Exercise input>
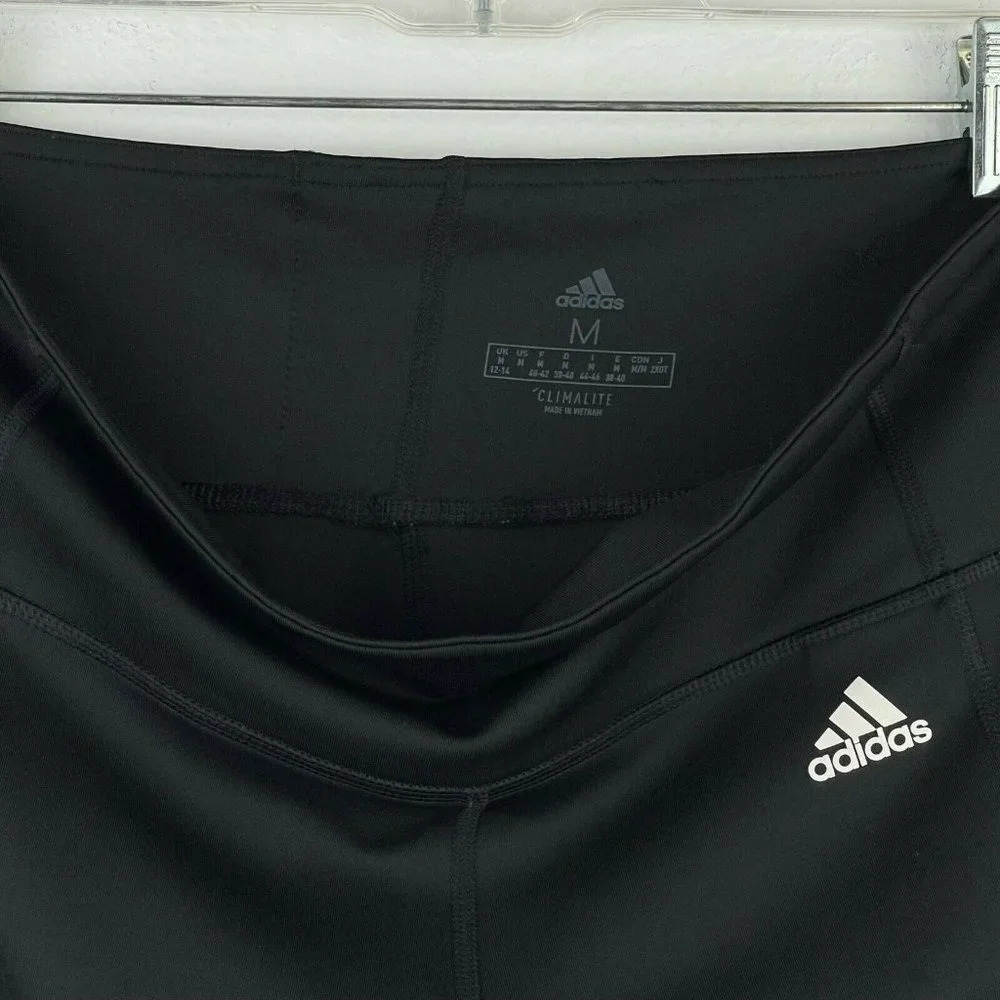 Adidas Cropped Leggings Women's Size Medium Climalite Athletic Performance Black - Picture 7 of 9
---
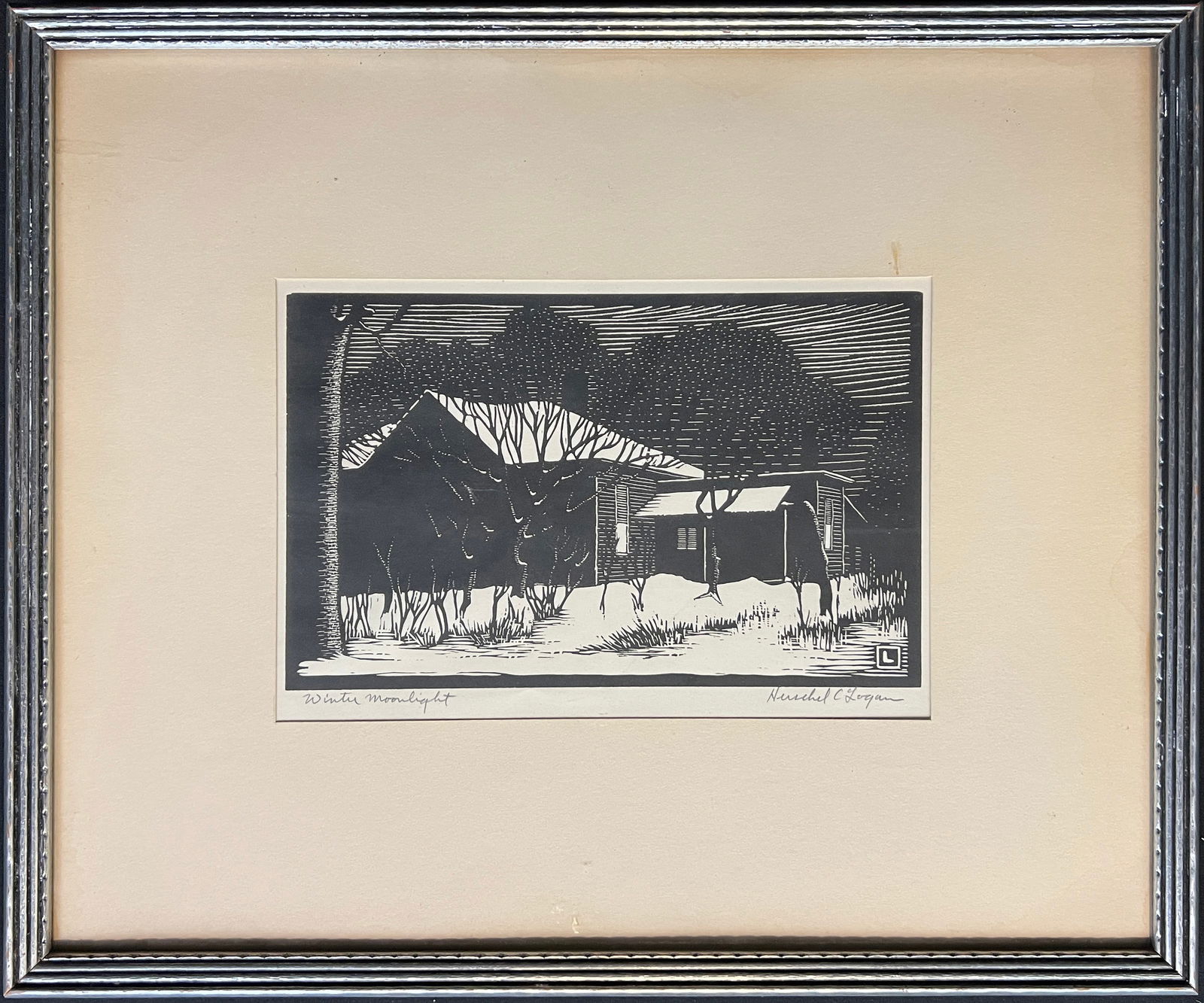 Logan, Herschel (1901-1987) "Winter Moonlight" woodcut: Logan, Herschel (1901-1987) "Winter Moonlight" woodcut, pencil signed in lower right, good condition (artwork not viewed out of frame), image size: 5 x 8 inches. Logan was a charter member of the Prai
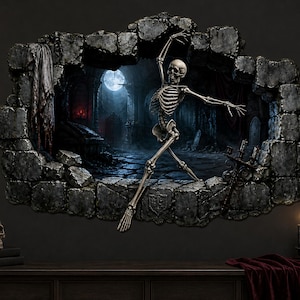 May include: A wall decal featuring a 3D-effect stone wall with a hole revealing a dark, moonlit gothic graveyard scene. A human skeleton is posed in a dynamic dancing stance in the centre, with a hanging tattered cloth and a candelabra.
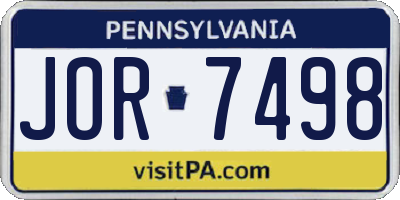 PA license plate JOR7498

What you need to do>
Copy only the lines above from the one containing "of the Prai" through the one containing "PA license plate JOR7498", both included. Leave out the pictures.

Exercise response>
 Logan, Herschel (1901-1987) "Winter Moonlight" woodcut: Logan, Herschel (1901-1987) "Winter Moonlight" woodcut, pencil signed in lower right, good condition (artwork not viewed out of frame), image size: 5 x 8 inches. Logan was a charter member of the Prai
 May include: A wall decal featuring a 3D-effect stone wall with a hole revealing a dark, moonlit gothic graveyard scene. A human skeleton is posed in a dynamic dancing stance in the centre, with a hanging tattered cloth and a candelabra.
 PA license plate JOR7498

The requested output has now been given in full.